Unfortunately, many of those thought leaders have proposed tax hikes on big tech companies as a way of reaching this goal. The idea centers around a proposal outlined by Federal Communications Commission (FCC) Commissioner Brendan Carr in a May 2021 op-ed piece. Carr called for major tech companies to be forced to pay fees to fund the Universal Service Fund (USF) to fund internet infrastructure projects and to promote affordable access across the country. The proposal received some traction then and is still circulating, especially as opinions surrounding tech companies have become more polarized.

The argument goes that since a select few tech companies account for a disproportionately large amount of web traffic, they should have to “pay their fair share” to keep the internet up and running. Presently, traditional telephone services pay for that through fees that are imposed on consumers’ monthly telephone bills.

As with most arguments that rely on the “fair share” fallacy, that doesn’t tell the whole story. First, big tech companies are already investing in building out more internet to unserved parts of the country – and the world – precisely because of how much they rely on it. That sort of investment cannot just be hand-waved away because it’s not part of USF.

There is also no hard-and-fast way to ensure the tax on big tech companies will not get similarly passed on to consumers. Any time a tax is increased on a business, the company will have to compensate somewhere. That would likely involve price hikes in some, way, shape, or form. Not only would such a “big tech tax” damage existing investment and innovation from these companies, but companies would also undoubtedly respond by raising ad prices as well as the price of their various devices and services. All those costs inevitably reach the average consumer, contributing to the inflationary pain everyday Americans are already experiencing.

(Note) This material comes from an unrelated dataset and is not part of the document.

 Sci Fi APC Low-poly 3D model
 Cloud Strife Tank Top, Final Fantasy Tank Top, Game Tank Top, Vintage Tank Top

It is also important to note that funneling money into the USF may be for naught. The USF is on the verge of collapse. Contribution rates are falling and there is a reason policymakers in Congress and the administration are grasping for solutions. The USF – like other government programs – is in dire need of reform and simply throwing more money at will not immediately solve. Taking money away from innovators in the space is one of the more counter-productive solutions available.

Considering the volatility of the tech space, making the USF reliant on skimming big tech revenue could make the program even more unstable. For example, Meta’s market cap has taken a severe hit over recent months, losing billions in value in such a short period as the company’s revenue continues to take major financial hits. It would make very little sense to tie a vehicle like the USF to companies whose prospects can shift so drastically so quickly. It is a recipe for even more uncertainty in an already unstable program. Imagine tying the fate of the USF to companies like MySpace and Yahoo just a few years ago. The consequences would have been disastrous.

To make the plan viable, the government would have to actively prop up tech companies, creating another new “too big to fail” dynamic. Given the push to fund USF through big tech taxes likely stems out of a desire to rein in these tech companies, the proposal becomes even more counterintuitive. And, given how typical government bailouts work, the American taxpayer would be on the hook for even more cost because of government carelessness.

While delivering high-speed internet across the nation is an admirable goal, reactionary politics going after convenient political targets will never achieve that result. Policymakers need to take a sober-minded look at the USF and come up with reasonable ways to move forward, bearing in mind the interests of taxpayers as well, and potentially working with the companies who also have a clear stake in ensuring the longevity and proliferation of the internet to every corner of America.